Parmi les héros méconnus de la minimal techno – rejeton de l’acid house -, on compte Mike Ink, pseudo lointain du co-fondateur du label allemand Kompakt, Wolfgang Voigt. Courant radical, musclé et épuré de la moitié des années 90, il est loin de la conception populaire de la ‘minimaaale’ mélodique des années 2000. Retour sur un projet que les moins de 20 ans ne peuvent pas connaître. Entretien avec Voigt à l’appui.

Les vieux de la rave l’adulent, les kids convertis à la techno n’en ont jamais entendu parler, Mike Ink c’est un nom brut avec deux « k », un mot de 26 points au Scrabble (vérifiez) qui kraque, qui kogne, qui kicke. « Au début des années 90, c’était très chic de sortir des disque sous des pseudos anonymes, pour que personne ne sache qui est derrière, rappelle Wolfgang Voigt. Aujourd’hui, le nom n’a plus vraiment de signification pour moi mais il représente la mémoire vive d’une grande période de la musique électronique. »

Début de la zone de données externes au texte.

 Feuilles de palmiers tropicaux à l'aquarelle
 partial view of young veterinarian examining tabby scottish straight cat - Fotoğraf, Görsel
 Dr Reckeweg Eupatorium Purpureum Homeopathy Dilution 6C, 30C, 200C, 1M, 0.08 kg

C’est sûr qu’à l’heure d’Internet et de la hype techno qui s’est emparée du globe et ses marchés, c’est plus malin de se produire sous son vrai nom et ne pas le changer toutes les deux dates si l’on veut un bon ‘reach’ Facebook, un référencement Google suffisant et un nombre d’écoutes Soundcloud pas trop honteux (c’est ce qu’il se dit dans le baïou, on n’a rien dit nous). Mais avant, des sorciers sans visage, des magiciens nocturnes et des militants marginalisés ont laissé des noms bizarroïdes et multiples.

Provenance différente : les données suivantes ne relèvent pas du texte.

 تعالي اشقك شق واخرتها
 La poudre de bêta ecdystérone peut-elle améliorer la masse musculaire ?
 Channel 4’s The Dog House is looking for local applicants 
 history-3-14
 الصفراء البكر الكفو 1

Et si naïves qu’elles puissent paraître, ces preuves ne peuvent que laisser un goût de mélancolie imprégné dans chaque raver, perdu dans un petit matin éternel, les pieds dans l’herbe.

mike ink _2Mike Ink – DR

La rave, vous l’aurez compris à cette époque, se veut discrète pour mieux exploser à l’intérieur. Défouloir total, exutoire industriel, le mouvement a créé autant de niches radicales et de langages qu’il a pu. Voigt explique techniquement ce nouveau courant musical de cette manière : « Pour moi, la musique basée sur une basse acide, un charleston (le fameux ‘hihat’) et un kick est née en 1987-88 et s’est appelée acid house, commence-t-il. Le terme minimal-techno a ensuite fait sens au milieu des années 90. Après la procession triomphale et sans-précédent de la techno sur la planète musicale qui a ensuite créé d’innombrables styles composés de grosses caisses entre 110 et 210 bpm, la dénommée minimal techno est devenue de plus en plus le leader des styles de techno. »

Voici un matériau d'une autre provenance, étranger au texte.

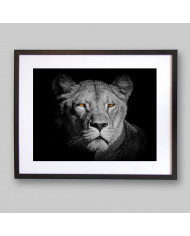 Leona,Parque Nacional Serengueti,Tanzania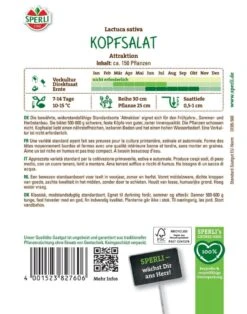 Kopfsalat Attraktion, Widerstandsfähig, Schossfest, Bewährter Typ, Feste Köpfe, Saatgut Von Sperli -Samenshop24 Elegant Boutique kopfsalat attraktion2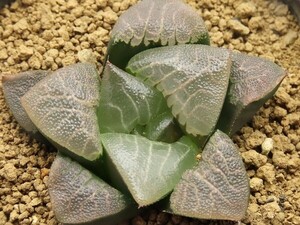 ■[Y145]特ダルマ大型ガラスコンプト×ピラルク　実生　未繁殖　ヤマト運輸 【多肉植物　Haworthia　ハオルチア　ハオルシア】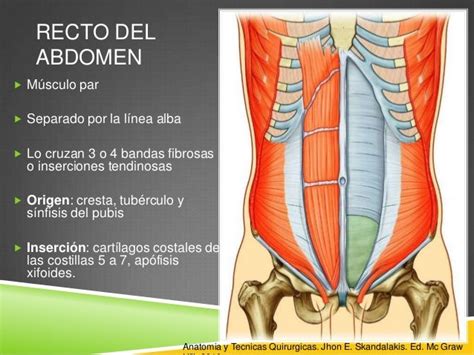 Anatomia Y Hernias De Pared Abdominal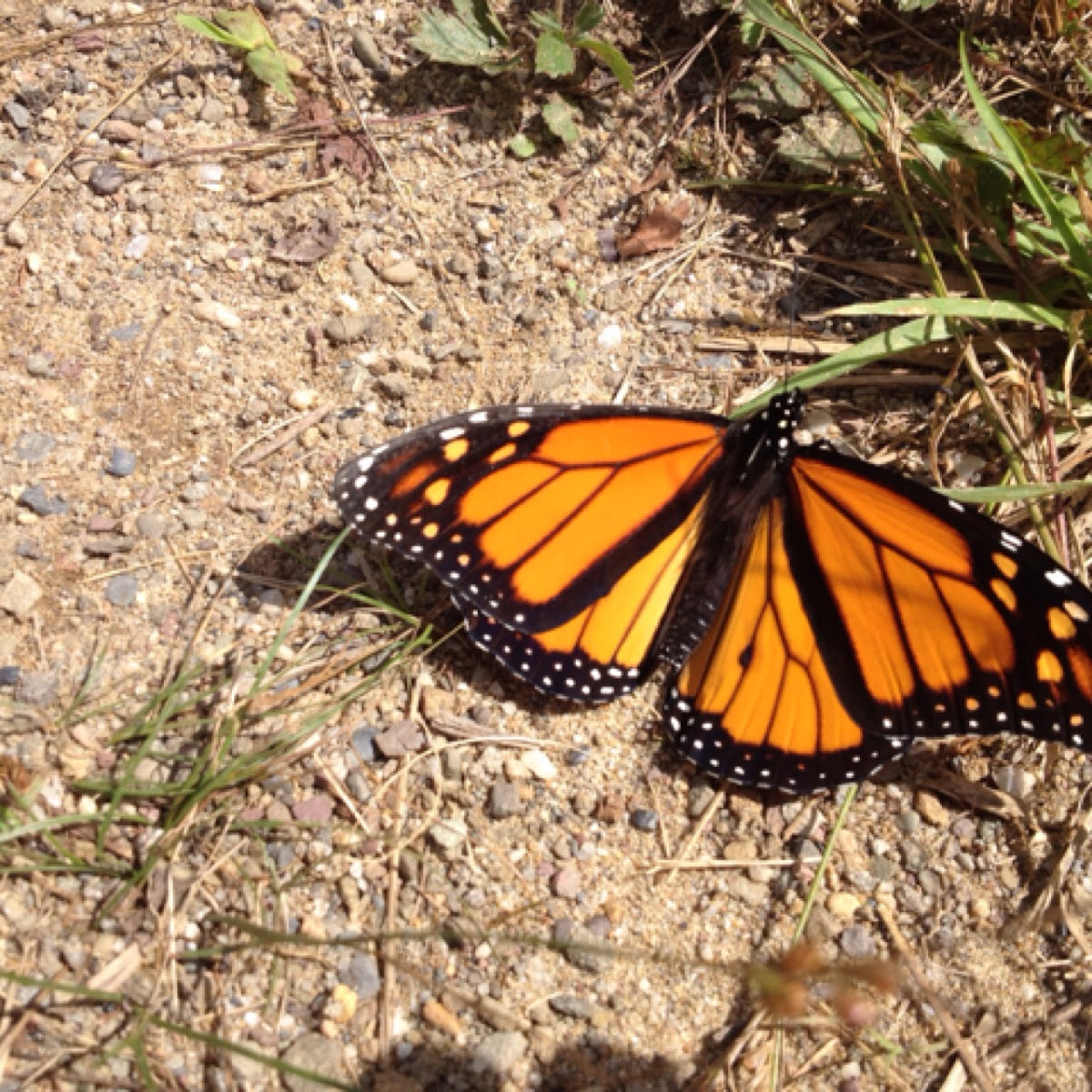 Monarch butterfly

« L’ingrédient principal du projet Mike Ink,

c’était utilisation abusive de la TB-303″

Des termes qui évoluent forcément avec le temps (et dont le sens est souvent dénaturé), comme la deep house, l’electronica ou le dubstep : « comparée à la minimal techno d’aujourd’hui, précise-t-il, le early minimalism de 1995 – 1996 a plus été un concept minimaliste sophistiqué qu’on peut associer à de l’avant-garde. » S’ajoutent à notre discret interviewé les projets (bien plus connus) de Plastikman, Rhythms & Sounds (Moritz Von Oswald et Mark Ernestus), Robert Hood ou encore Magda qui viennent appuyer cette nouvelle forme musicale.

Vidéo assez mythique

vous en conviendrez,

Mike Ink à l’émission House Frau en 1995

Le projet Mike Ink est fondé en 1990 et en découle une quinzaine d’EPs (Discogs est votre ami et votre créancier à partir de maintenant) qui ont calibré les dancefloors et s’arrête brusquement en 1996 « au moment où le nom est devenu trop populaire et incontrôlable » – et aussi lorsque ses autres alias prennent plus de place dans sa vie comme Studio 1 et GAS. « Les quelques morceaux sortis après 96 sont des rééditions ou des productions datées d’avant 96. » La musique de Wolfgang Voigt est donc forcément un pur produit daté dont l’évolution avec les années est toute relative.

Contrairement à qu’on veut nous vendre dans le film sorti cette année We Are Your Friends dans lequel joue le type de High School Musical, un producteur de musiques électroniques n’est pas toujours cet explorateur kitsch qui va enregistrer des sons dans l’environnement. Mike Ink un simple producteur débrouillard et doué. Il utilise donc les machines de l’époque à disposition : Roland 303, 505, 606, 707, 808, etc. « Je ne me balade pas dans la nature avec un microphone mais avec un appareil photo » ironise-t-il. Comme tout le monde en fait. Plus tard, « le sampler deviendra de plus en plus mon arme principale. »

« Les ingrédients principaux du projet Mike Ink ont été une utilisation abusive très individuelle et souvent exagérée de la TB-303, combinée à des samples aventureux piochés dans la pop, la musique classique, le jazz, la folk et même de la variété allemande. »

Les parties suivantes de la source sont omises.